His group is proposing electing a state court administrator who runs the judicial branch financially and administratively separate from the judges.
“We want judges focusing on the judicial business, we want judges hearing and deciding cases,” Forsyth said.
The Judicial Integrity Project also wants more citizen involvement in the judicial discipline process and more transparency into the process.
In the wake of the contract allegations, this year, Colorado lawmakers passed a bill to form an interim committee to look into the judicial discipline process and propose legislation to make reforms. Rep. Jennifer Bacon, D-Denver, sits on that committee.
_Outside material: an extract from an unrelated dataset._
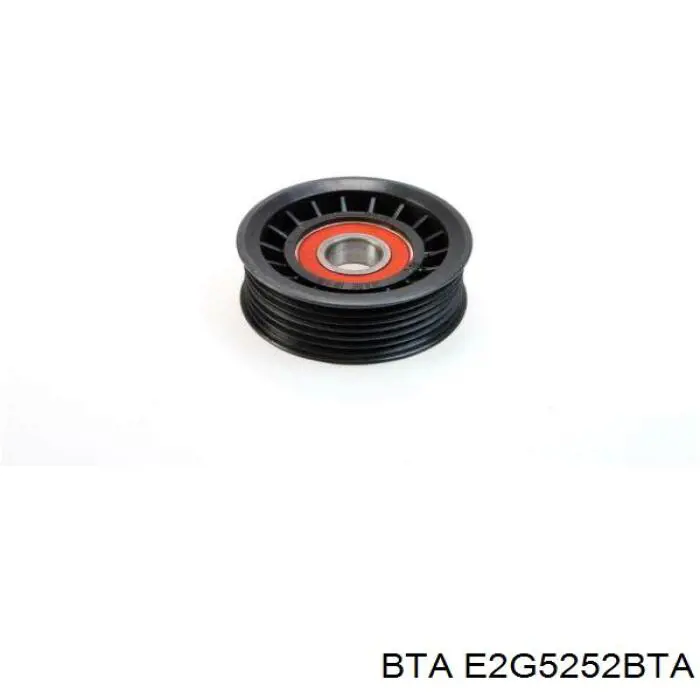 E2G5252BTA BTA ролик натягувача приводного ременя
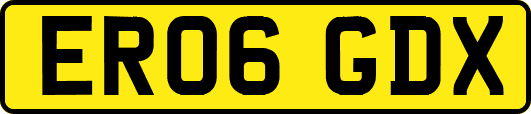 ER06GDX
“This whole department, that has such importance over people's lives, I'm really concerned that there may not be checks and balances in regards to what people are doing. But what I can say is, for the most part, you know, I don't, I have not lost faith in the rule of law,” Bacon said.
She says a lot of the discussion has been around the culture of the Colorado Judicial Department and concerns about silencing people who are trying to speak up.
During Tuesday’s committee hearing, several lawmakers also questioned the scope of the investigation, since the three key players were not interviewed. After the hearing, Bacon says she has a number of concerns.
“I don't doubt some of these, you know, judges’ ability to assess law, but I deeply question if they even know how to manage people,” she said.
The committee has been tasked to look into 18 areas of judicial discipline. However, this can be tricky, since some issues fall under the realm of human resources and others fall into the category of judicial discipline. Both have very different processes and levels of transparency.
“I think that we're all in a place of understanding the department needed to be managed better and to be managed differently. We now have to figure out to the extent what we can do as a legislature that is not in violation of law or the Constitution,” Bacon said.
In order to bring major change to the judicial discipline process, voters would need to approve a change to the state constitution, since that is where the judicial discipline process is laid out. It would take 55% of the vote to see a constitutional change.
Forsyth anticipates that lawmakers will, at a minimum, reduce the level of confidentiality within the discipline system so that there is more transparency. However, he also has concerns with the legislative committee itself, because he believes some lawmakers have previously run bills on behalf of the Judicial Department.
At the end of the day, Forsyth says changing the judicial discipline system would not have resolved the problems that popped up with the Masias contract.
“We're trying to improve it to increase the trust and confidence of the people," he said. "Right now, this scandal is awful. I mean, the trust and confidence of the people is, rightfully, at a low point."
A second, 131-page report took a closer look at the culture within the department, and found that there are workplace issues, but it stopped short of saying there was a cover up or intentional ignoring of complaints.
That investigation was conducted by the Investigative Law Group, which determined that the workplace problems include fear of retaliation if employees were to file a complaint of misconduct.
A second statement from Chief Justice Boatright read in part, “ILG’s findings are simultaneously clarifying and sobering.”
He went on to call for the creation of a workplace culture initiative and for improvements to the legitimacy of the process for handling complaints.
The report also determined that there were not enough ways for employees to confidentially report issues, as well as a greater need for transparency and accountability within the department.
“It's a very poor culture. In the workplace, in the Judicial Department, where many women, most women, feel very uncomfortable with having to report any issue with sexual assault or sexual harassment,” Migoya said.
That report will be discussed at the committee’s next hearing on August 10.